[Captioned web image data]
===
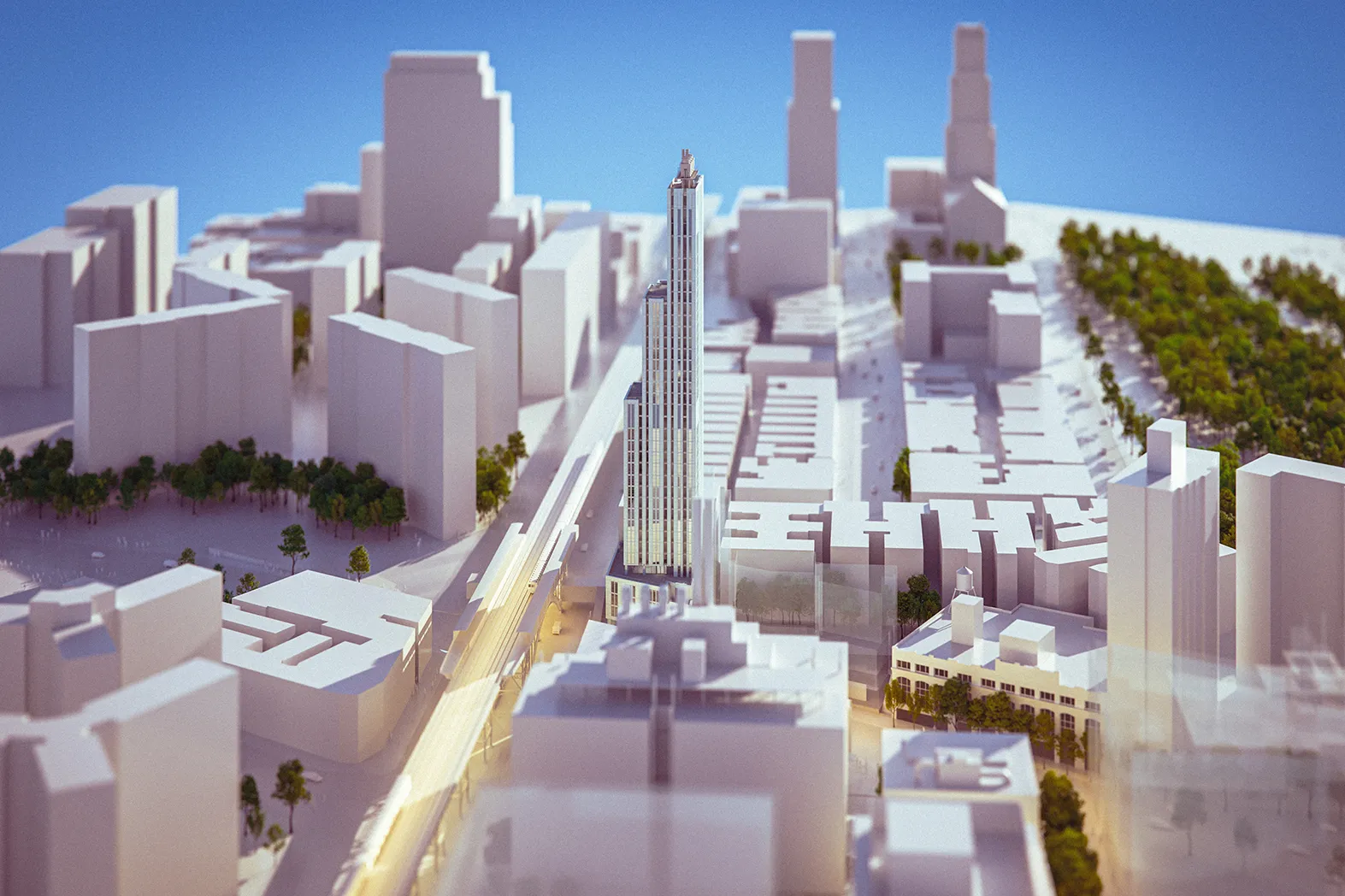  An aerial rendering of 600 W. 125th Street with neighboring buildings and trees.
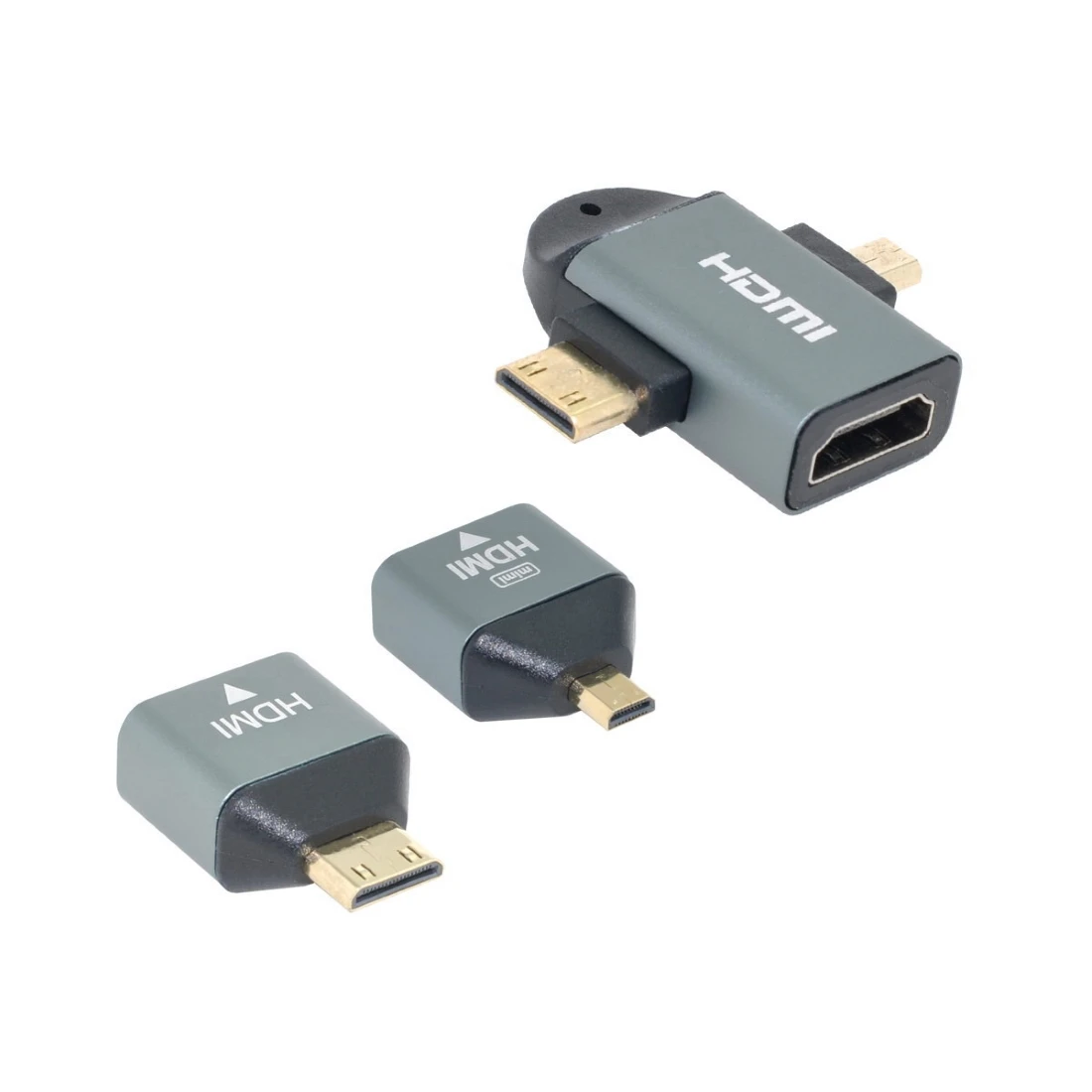 

Xiwai Micro Mini HDMI-compatible Male to HDTV 1.4 Female 2-in-1 Combo Adapter 4K@60hz 3pcs/set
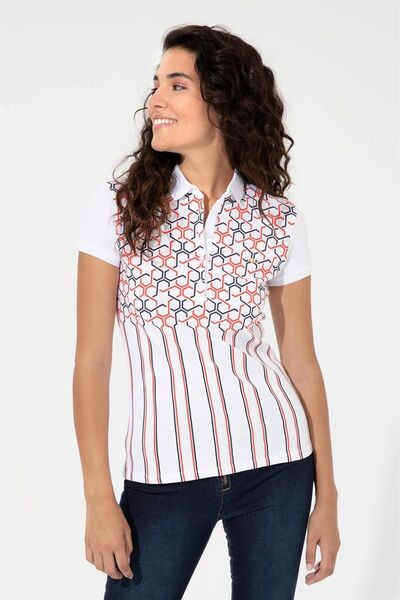 U.S. Polo Assn. Tricou de damă bleumarin cu gât polo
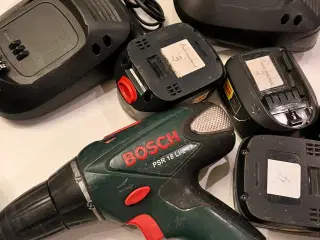 Bosch Boremaskine og Græstremmer + lader og 5 batt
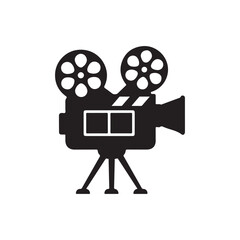 Retro cinema icon on White Background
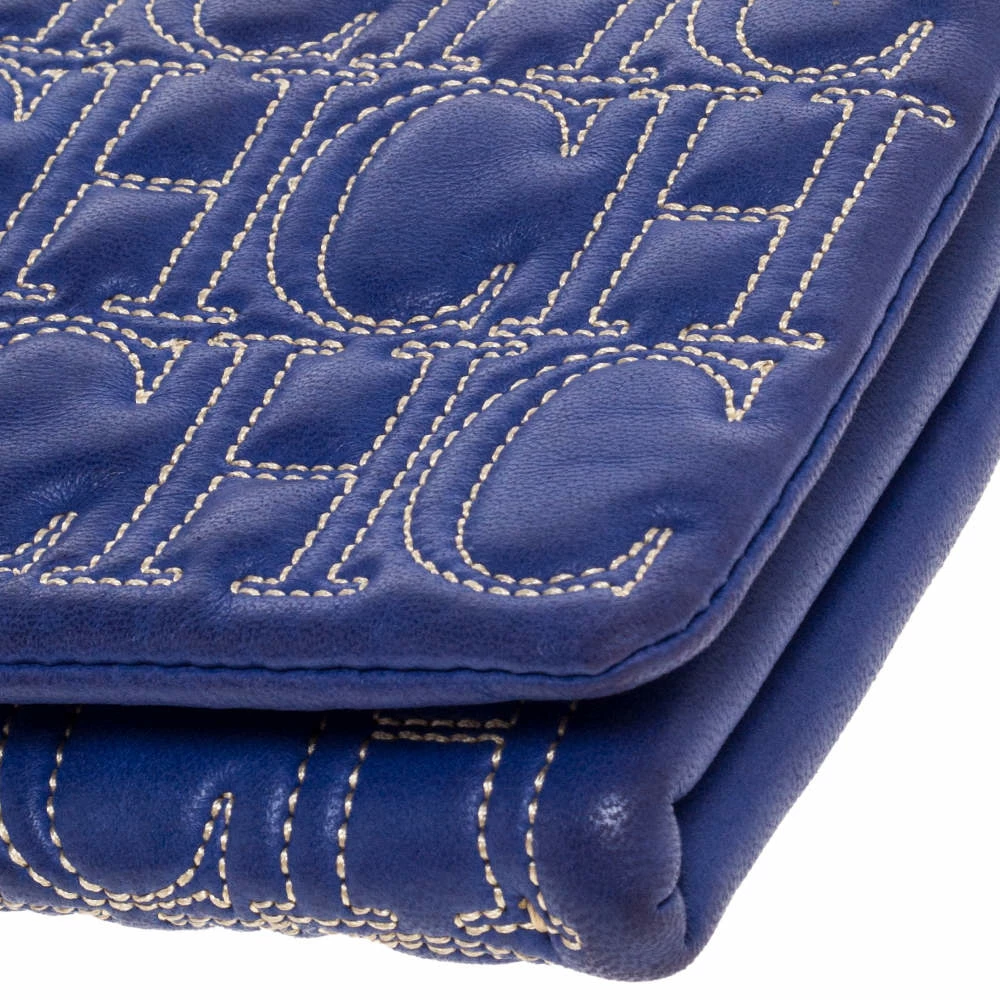 Carolina Herrera Blue Monogram Leather Jerry Clutch Women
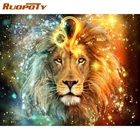 Алмазная 5D картина RUOPOTY с квадратными стразами, вышивка с изображением Льва, стразы, мозаика, вышивка крестиком, рукоделие, подарок сделай сам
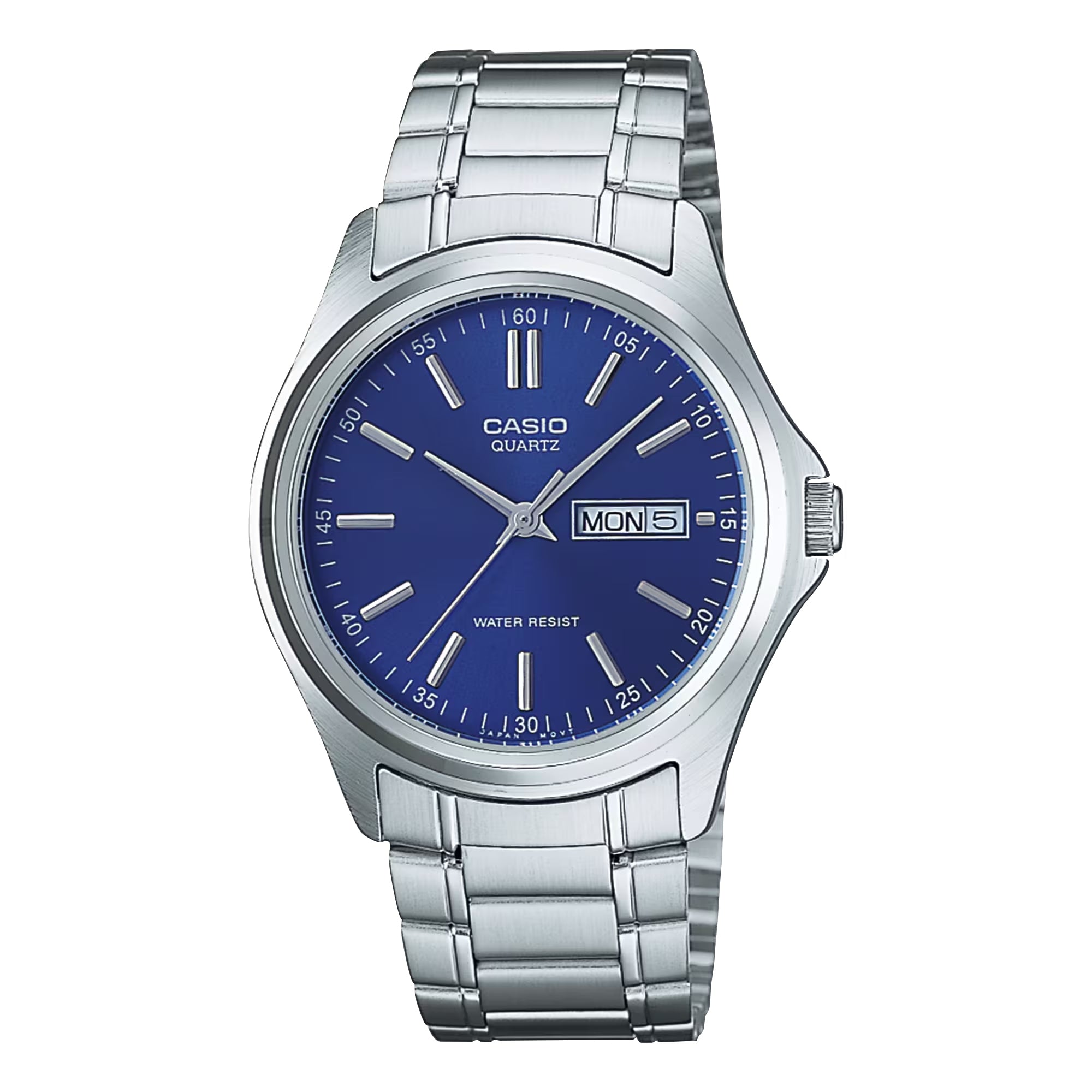 Casio Men Blue Dial Analog Watch with Stainless Steel Bracelet - MTP-1239D-2A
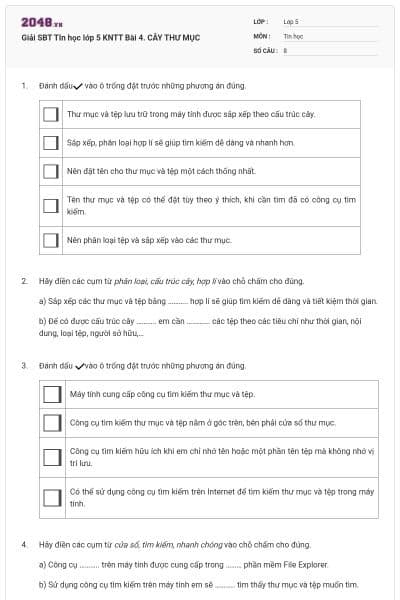 Giải SBT TIn học lớp 5 KNTT Bài 4. CÂY THƯ MỤC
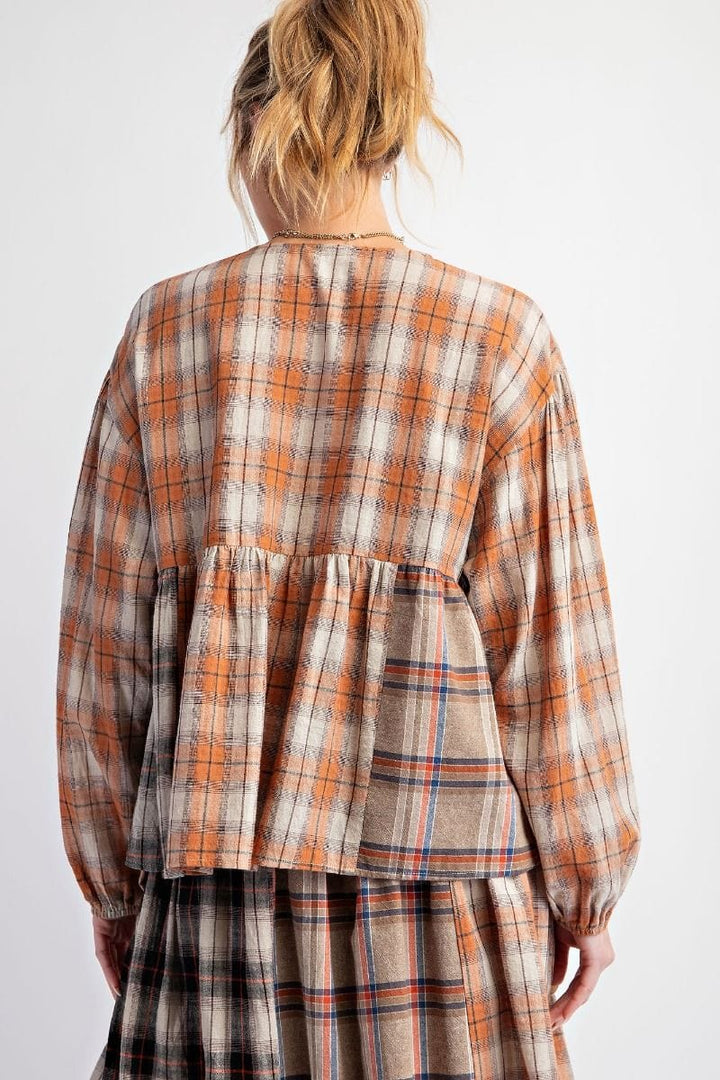 Easel Plaid Mix V-Neck Long Sleeve Babydoll Top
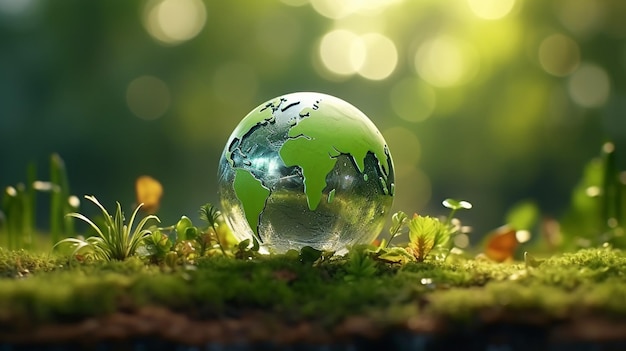 Esfera de cristal que simboliza el planeta Tierra en un lecho de bosque verde Concepto de medio ambiente y sostenibilidad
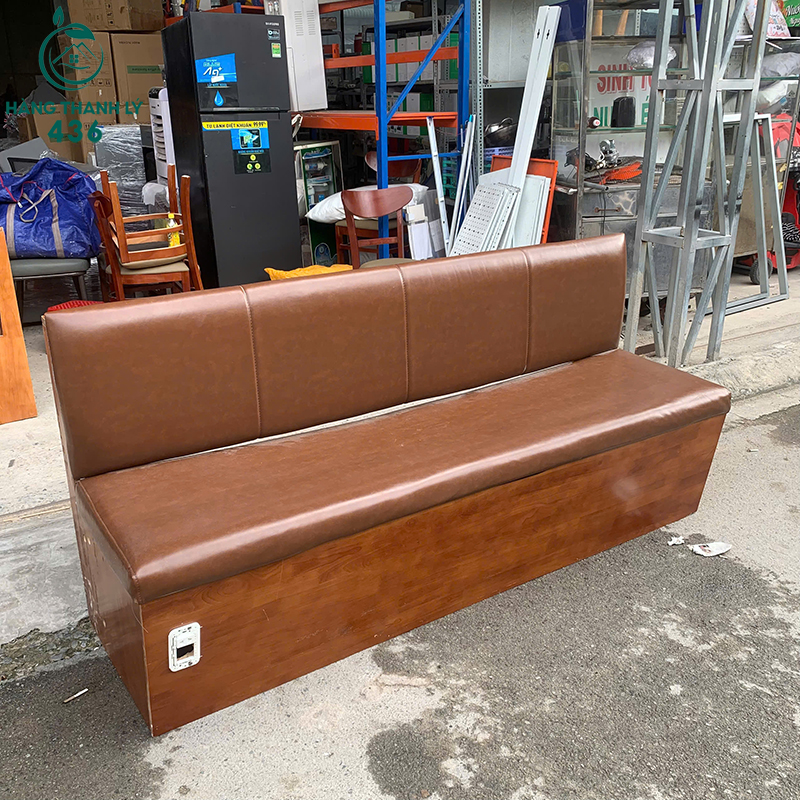 Ghế Sofa Băng Dài 1M8 Bọc Da Cũ Khung Gỗ Chắc Chắn 4 ghe sofa bang dai boc da cu khung go chac chan 1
===
◆ Assigned task:
Each record above needs to be copied exactly, with images left out.

◆ Task output:
  An aerial rendering of 600 W. 125th Street with neighboring buildings and trees.

Xiwai Micro Mini HDMI-compatible Male to HDTV 1.4 Female 2-in-1 Combo Adapter 4K@60hz 3pcs/set
 U.S. Polo Assn. Tricou de damă bleumarin cu gât polo
 Bosch Boremaskine og Græstremmer + lader og 5 batt
 Retro cinema icon on White Background
 Carolina Herrera Blue Monogram Leather Jerry Clutch Women
 Алмазная 5D картина RUOPOTY с квадратными стразами, вышивка с изображением Льва, стразы, мозаика, вышивка крестиком, рукоделие, подарок сделай сам
 Casio Men Blue Dial Analog Watch with Stainless Steel Bracelet - MTP-1239D-2A
 Giải SBT TIn học lớp 5 KNTT Bài 4. CÂY THƯ MỤC
 Easel Plaid Mix V-Neck Long Sleeve Babydoll Top
 Esfera de cristal que simboliza el planeta Tierra en un lecho de bosque verde Concepto de medio ambiente y sostenibilidad
 Ghế Sofa Băng Dài 1M8 Bọc Da Cũ Khung Gỗ Chắc Chắn 4 ghe sofa bang dai boc da cu khung go chac chan 1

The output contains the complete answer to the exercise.